A career’s worth of military pins and collectors coins that Rhyzenko had kept from his time at NATO had disappeared along with the binoculars his father had given him from his time in the Soviet Navy. The ransackers did leave behind Rhyzenko’s replica model of the Russian ship Moskva, however, which sank after being hit by at least one Ukrainian missile.
“They missed something important here,” he quipped. “This is a piece of history since it is underwater.”

While the Moskva sinking is a symbol of Ukrainian victory, the main route to safety in and out of Irpin has become a symbol of Ukrainian resilience. Many hid under the main bridge connecting Irpin to Kyiv during bombings. After it was destroyed, hundreds — if not thousands — of Ukrainians, including elderly and disabled people helped by volunteers, scrambled across rubble and planks of wood to evacuate to the safety of Kyiv.
A temporary road has since been built alongside the destroyed bridge, reconnecting Irpin with the Ukrainian capital. Municipal employees had already cleared the area of destroyed vehicles, moving their frames to a nearby parking lot where owners could identify them.
Windshields and car doors were riddled with rounds of bullets, the roofs of many were crushed, and windows of some had turned to melted glass, likely from the heat of explosions. A travel coffee mug still sat in the cupholder of a black sedan that appeared to have an exploded engine. A pair of pink children’s sunglasses could be seen in the open glovebox of a silver car with bullet holes in the windshield.
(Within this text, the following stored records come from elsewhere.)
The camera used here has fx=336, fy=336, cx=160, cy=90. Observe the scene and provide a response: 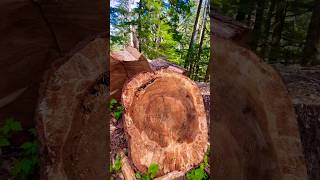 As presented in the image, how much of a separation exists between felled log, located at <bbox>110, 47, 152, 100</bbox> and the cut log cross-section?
35 centimetres

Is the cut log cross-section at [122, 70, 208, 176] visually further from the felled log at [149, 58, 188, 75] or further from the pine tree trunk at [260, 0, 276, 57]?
the pine tree trunk at [260, 0, 276, 57]

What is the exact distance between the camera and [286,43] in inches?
88.2

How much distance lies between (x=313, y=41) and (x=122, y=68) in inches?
72.4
The car graveyard means the streets are now clear and rebuilding of this community continues. Still, everything remains a challenge, even providing basic services or food.
Last week, Irpin Mayor Markushyn asked people to come to the city to sell food and housing supplies in tents near the city center. It became a small street market selling eggs, cheese, meat, bread, flour, coffee, honey, nuts, jams and dried fruit on small folding tables. Others sold everything from shoes and underwear to wallpaper, brooms, trash bags and toilet paper.
At the market, Igor Krichtatovitch, 76, a scientist who spent years living in Seattle before retiring here, said it had been difficult to buy food in recent weeks. But some crucial services had returned. After spending weeks in the basement with his family, he said they had finally gotten water back and, most crucially, cellphone service.

Under Russian occupation, he had been unable to call his daughter and tell her that he and her mother were safe, even though “all kinds of weapons, guns, heavy artillery and demolition was just 70 yards from our home” and firing 18 hours per day.
“The biggest relief is silence,” Krichtatovitch said.
Still, it remains unclear when electricity could return, making life very difficult in the middling temperatures of the Ukrainian spring. There was hope it could be restored in May, but some predicted it could be as late as June.
For Rhyzenko and his wife, that means they won’t be staying in their home for the foreseeable future, even after cleaning up.
“We will try to find an apartment or something in Kyiv for now,” he said. “I think maybe life will come back — more or less.”